I recently attended a talk given by the British choreographer, Wayne McGregor, and the Finnish composer and conductor, Esa-Pekka Salonen. They’re currently working together on McGregor’s new ballet, Obsidian Tear (Royal Opera House, 28 May- 11 June).
McGregor’s style is angular and sharp; sinuous and curved; fast and physical. Though he has a clear personal vision of what he wants to achieve, he is also a collaborator. He partners variously with musicians, artists and writers; economists, anthropologists and neuroscientists; with anyone in fact that inspires his curiosity. He is also a theorist for whom dance is ‘physical thinking.’ He is as elegant and precise with words as he is with choreography.
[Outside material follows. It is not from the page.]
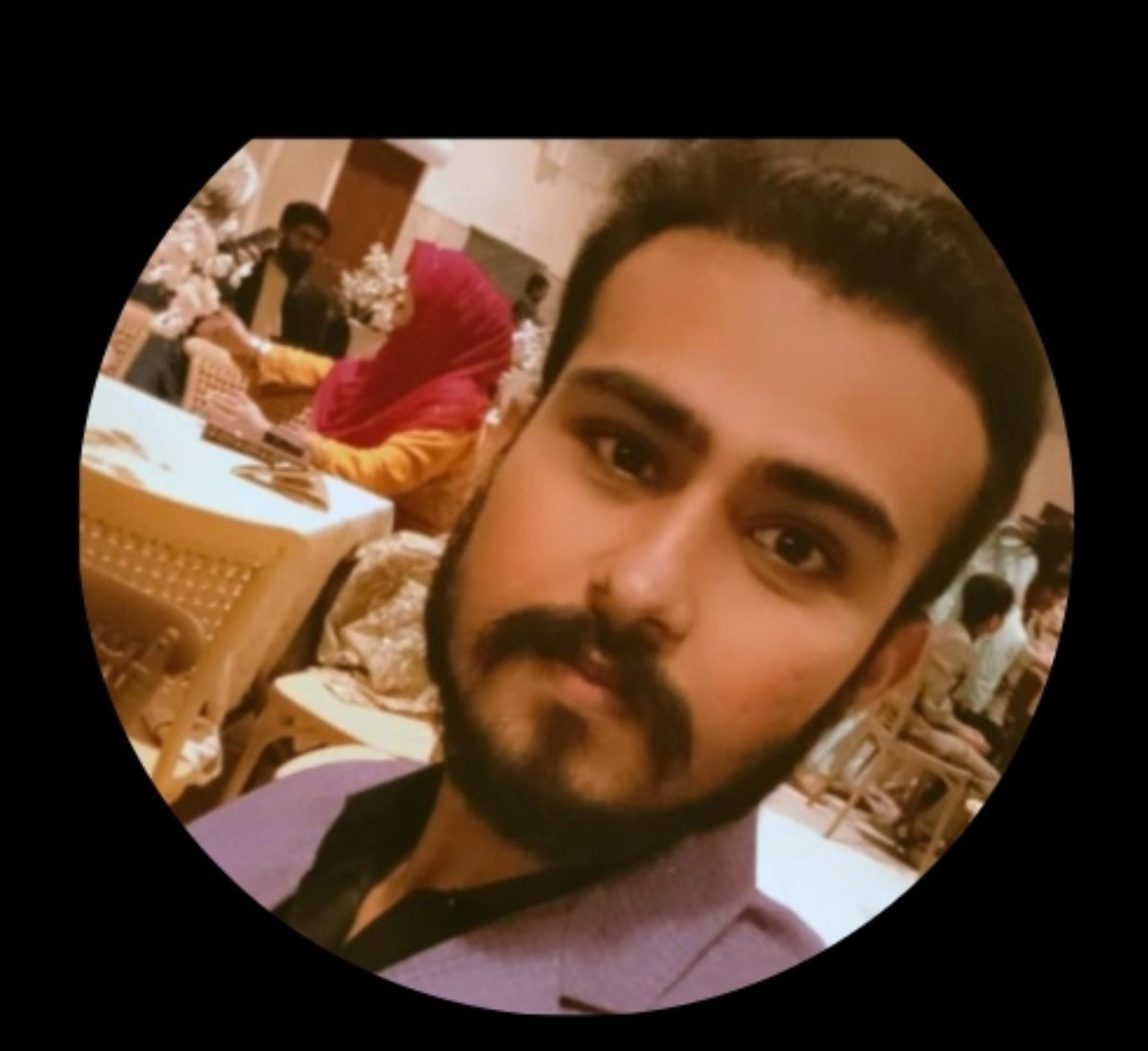 AgniVesa_07's tweet photo. Rana hassan from Karachi, pakistan runs multiple similar accounts like this, where he posts low hanging fruits against india to show indians as dysgenic sex starved perverts, and that's not it, he was an active part of DGISPR affliated TF-2990, where they make dedicated accounts like this, or repurpose already existing handles, with the sole purpose of igniting racism against indians.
‘I’m really passionate about creativity... I believe it can be taught and shared. And I think you can find things out about your own personal physical signature, your own cognitive habits, and use that as a point of departure to misbehave beautifully.’
McGregor suggests that ‘choreography is 80% psychology and 20% artistry.’ He likes to operate with and against the tensions that naturally exist between different dancers; to ‘notice and subvert hierarchy.’
‘It is as much about watching and noticing as it is about giving.’
Salonen seems of a similar mentality. In describing his approach to composition he says, ‘I’m more a gardener than a mechanic.’ He doesn’t simply arrange notes on a stave. A piece takes time and reflection. It is worked and reworked, accommodating new meditations and moods along the way.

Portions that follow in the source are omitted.